Of wild fires, rats and smokers


It is winter and veld fires are a common occurrence. Amidst the smoke and strong winds, it is common to see black-shouldered birds patiently perched on power lines and/or tress awaiting rats and mice as they flee the raging fires.
Intense fires destroy thousands acres of vegetation in protected areas such as national parks, forest ranges, major highway sideways and grazing lands across the country annually. Human life, livestock and wild animals have been lost as a result.

The grass fires are a major concern for everyone especially this period through to October; they quickly get out of control and can cause serious damage in agricultural and forested lands.

Forest fire officials encourage people not to light grass fires or burn debris. Burning dry grass in fields or yard debris can spread to nearby forests.

At the weekend government launched the National Fire Awareness Campaign or National Fire Prevention Week at Matabiswana Village in Insuza, Matabeleland North province, to raise responsiveness in the community against starting needless forest fires.

This Forestry Commission initiative is an excellent inventiveness. The campaign will be a waste of resources if stakeholders cannot sustain it and/or spread it across the country given the extent of environmental damage from unwanted forest fires started by people digging for mice and/or hunting for small game such as rabbits as well as throwing out a cigarette stub through the window of a moving vehicle. This is commonplace, but Zimbabwe must develop a culture against littering.

It is also important that the public must consider no-burn options. Many landfills offer designated days when yard debris can be disposed of at little or no cost. The Forestry Commission should also consider advising the public about composting. On-site chipping may be feasible. Limbs and other debris may be piled for wildlife habitat if located where it does not pose a wildfire hazard.

Carelessly lit and tended fires and smoking are a major concern throughout the burning season. In fact, forest guards have seen people triggering fires and in some cases the accused have managed to escape.

The phenomenon, witnessed every year, destroys flora and fauna in vast tracts of the forest area. Zimbabwe did not receive enough rain this year and most areas have gone dry. Dry weather due to absence of moisture in the air causes the fire to spread rapidly.

Without a doubt Zimbabwe’s eucalypt forest has evolved to cope with low and high-intensity bushfires situations. Eucalyptus forests in the country depend on fire for regeneration. However, indigenous forests in Matabeleland, Gokwe’s Mafungautsi Plateau, Chimanimani and many others are much more likely to be destroyed by fire.
The sensitivity of forest communities to fire is the main reason these areas have been listed as threatened under the Forestry Act.
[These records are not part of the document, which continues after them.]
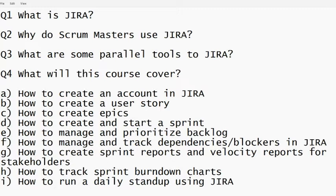If you are a scrum master or a person who wants to become a scrum master, or if you are a product owner or want to become a product owner, this course is for you. This course will teach you everything from beginner level to the advanced level that advanced practitioners use on a daily basis. If you are just here learning about Jira on a general basis and don't want to use it in a professional role, this video might not be the right fit — it is very specifically catered for people wanting to become scrum masters or product owners.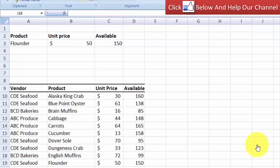Hi and welcome to free Excel tutorial videos. In today's tutorial we are going to look at a problem that many Excel users tend to have with the VLOOKUP function, and we are going to see how we can modify the VLOOKUP function with the OFFSET function.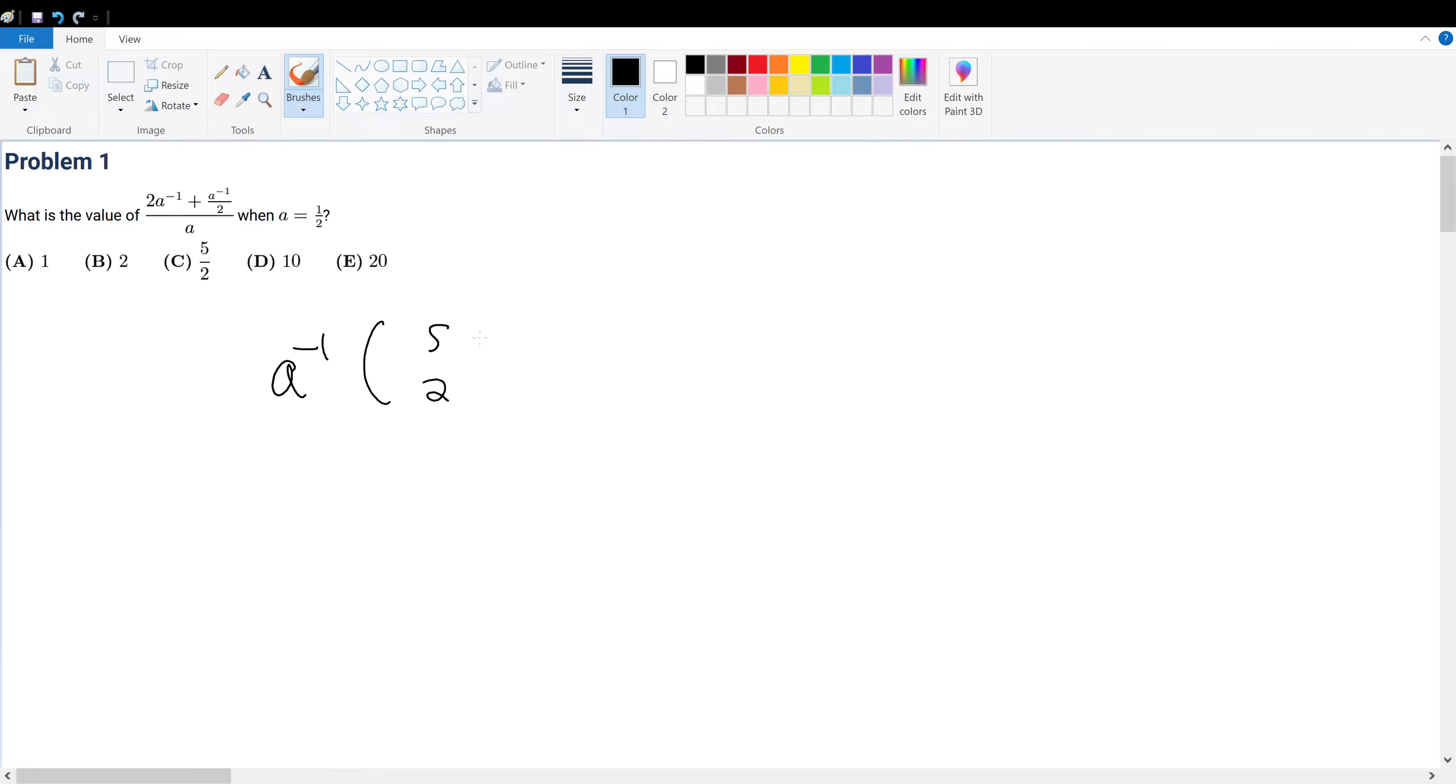Now, we know that the denominator is the same thing as times a to the negative 1 as well, right? If you write it in terms of a power. So that is the same thing as a to the negative 2 times 5 over 2.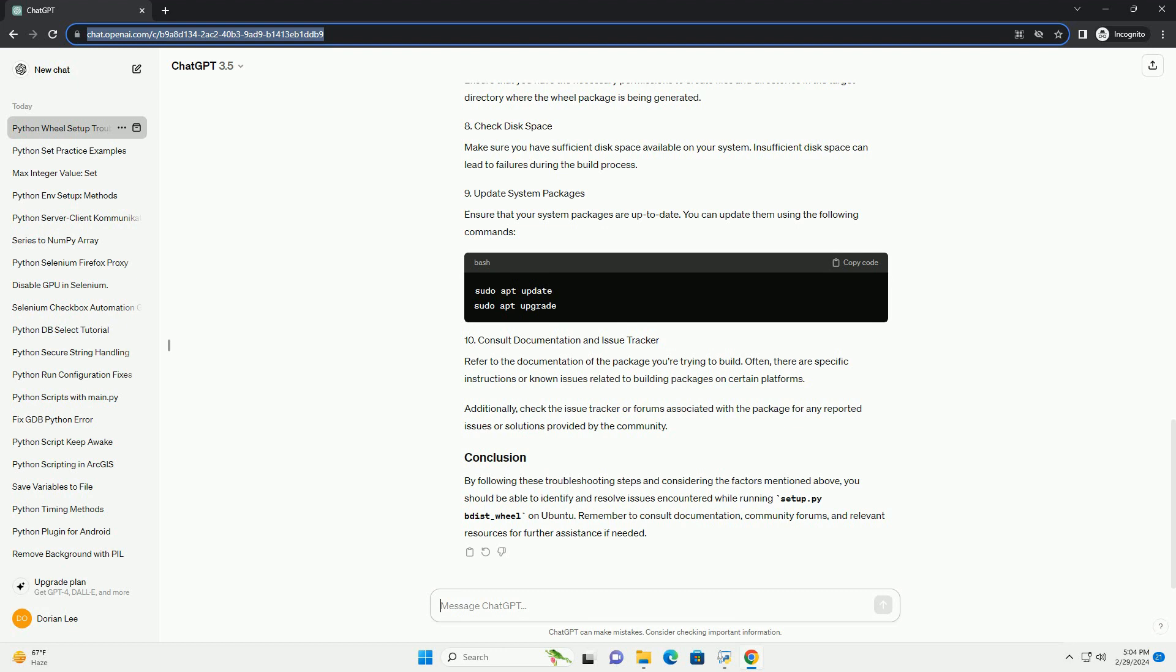If the build process fails, examine the error messages displayed in the terminal. They often provide valuable insights into what went wrong. Look for any missing dependencies, syntax errors, or other issues that could be causing the failure.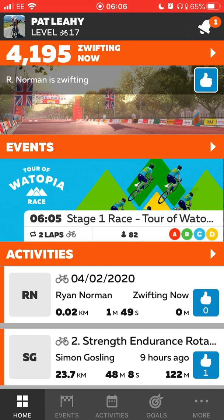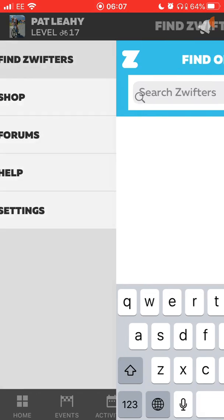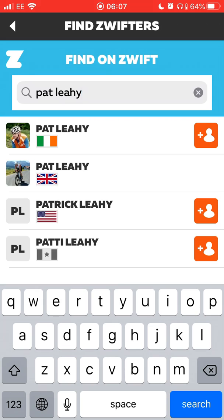On the bottom there's a navigation bar with home, events, activities, goals, and then in the far right corner just click on the 'More' button. At the top you've got 'Find Zwifters' — click on that and type in who you're trying to find.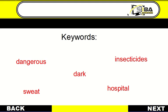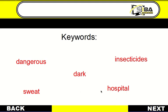Before we move to the main activity, let's look at the key words. We have: dangerous, dark, insecticide, sweat, and finally hospital. These key words will help us to read our passage easily. So let's go on with our lesson.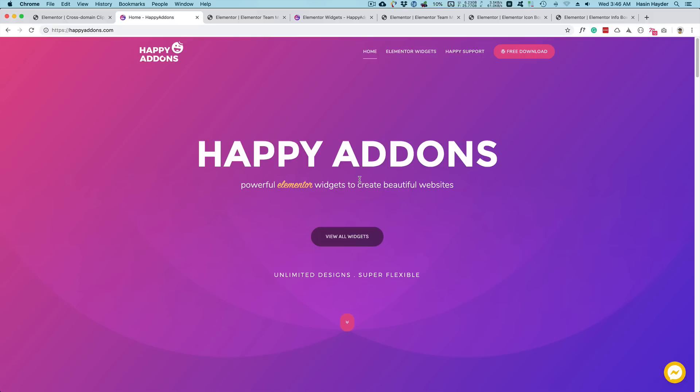Hey guys, this is Hassin from Happy Addons and today I'm going to show you one of the coolest features that we're currently working on.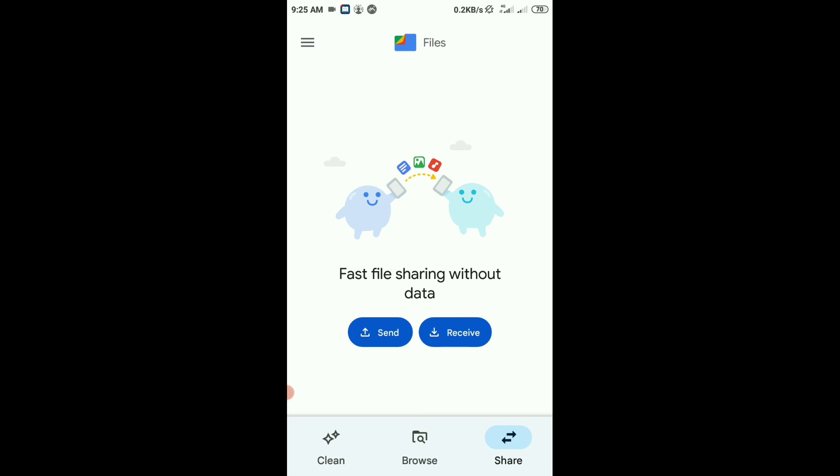Today we recommend using Files by Google for data transfer. Thank you for watching this video.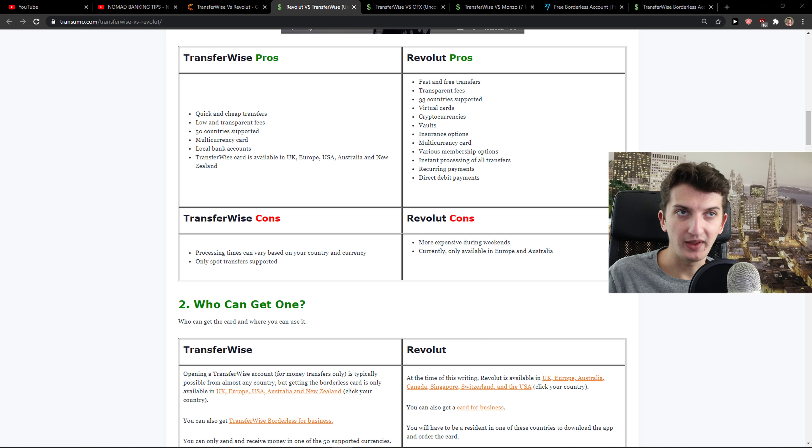Recurring payments, direct debit payments. Another thing, Revolut has a huge advantage compared to TransferWise, that you can create budgeting. This is something that can be useful for you. You can actually have like, okay, I'm going to have 150 euros for food. So that's something good.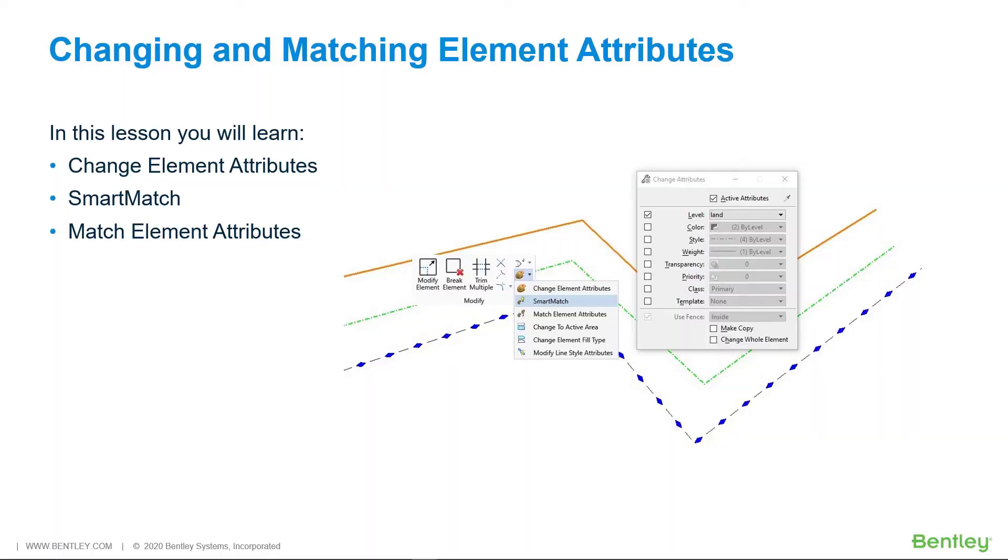As design progresses, the need to change or match existing element attributes, such as elements level, line style, color, and weight increases.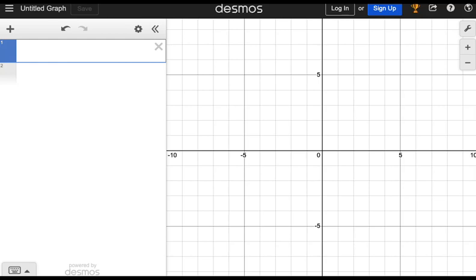Here's how to create a graph of a linear function in slope-intercept form with sliders using the Desmos graphing calculator. Start by launching Desmos. You may want to log in.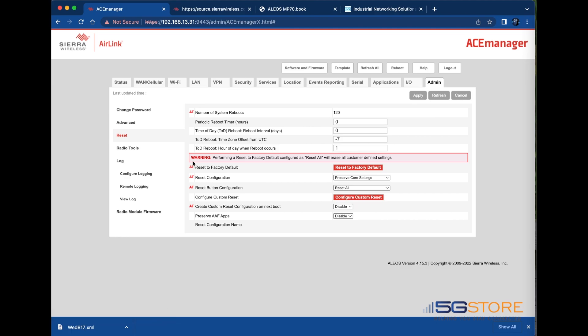The reset configuration here lets you select how the ACE manager reset to factory default button behaves. The different options determine the types of settings that are reset and the types of settings that are preserved after the router resets. The first option is to reset all. All settings including network settings and passwords are returned to the factory default values on reset to factory default.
For the record, the Matabiswana launch had its beginning in the US in 1911. It is held annually to commemorate the Great Chicago Fire. On the 40th anniversary (1911) of the Great Chicago Fire, the Fire Marshals Association of North America (FMANA), the oldest membership section of the National Fire Protection Association (NFPA), sponsored the first National Fire Prevention Day, deciding to observe the anniversary as a way to keep the public informed about the importance of fire prevention.

In May 1919, when the NFPA held its 23rd annual meeting in Ottawa at the invitation of the Dominion Fire Prevention Association (DFPA), the NFPA and DFPA both passed resolutions urging governments in the US and Canada to support the campaign for a common Fire Prevention Day.

This was expanded to Fire Prevention Week in 1922. The NFPA that has officially sponsored Fire Prevention Week since its inception selects the annual theme for Fire Prevention Week.

When US President Calvin Coolidge proclaimed the first National Fire Prevention Week on October 4–10 1925, he noted that in the previous year some

15 000 lives were lost to fire in the US. Calling the loss “startling”, Coolidge’s proclamation stated: “This waste results from the conditions which justify a sense of shame and horror; for the greater part of it could and ought to be prevented . . . It is highly desirable that every effort be made to reform the conditions which have made possible so vast a destruction of the national wealth.”

In Canada, the first national Fire Prevention Day proclamation was issued by the Governor-General in 1919. The Great Chicago Fire was a conflagration that burned from Sunday, October 8 to early Tuesday, October 10, 1871, killing hundreds and destroying about
9 km² in Chicago, Illinois.

On the flag of Chicago, the second star commemorates the fire. The exact cause was never determined. The traditional account of the origin of the fire is that it was started by a cow kicking over a lantern in the barn owned by Patrick and Catherine O’Leary.

In 1893, Michael Ahern, the Chicago Republican reporter who wrote the O’Leary account, admitted he had made it up as “colourful copy”. The barn was the first building to be consumed by the fire, but the official report could not determine the exact cause of it.

The fire’s spread was aided by a drought prior to the fire and strong winds from the south-west that carried flying embers towards the heart of Chicago. Furthermore, the city did not react quickly enough, and at first, residents were not concerned about it, not realising the high risk of conditions.
City officials estimated that more than 300 people died in the fire and over 100 000 were left homeless.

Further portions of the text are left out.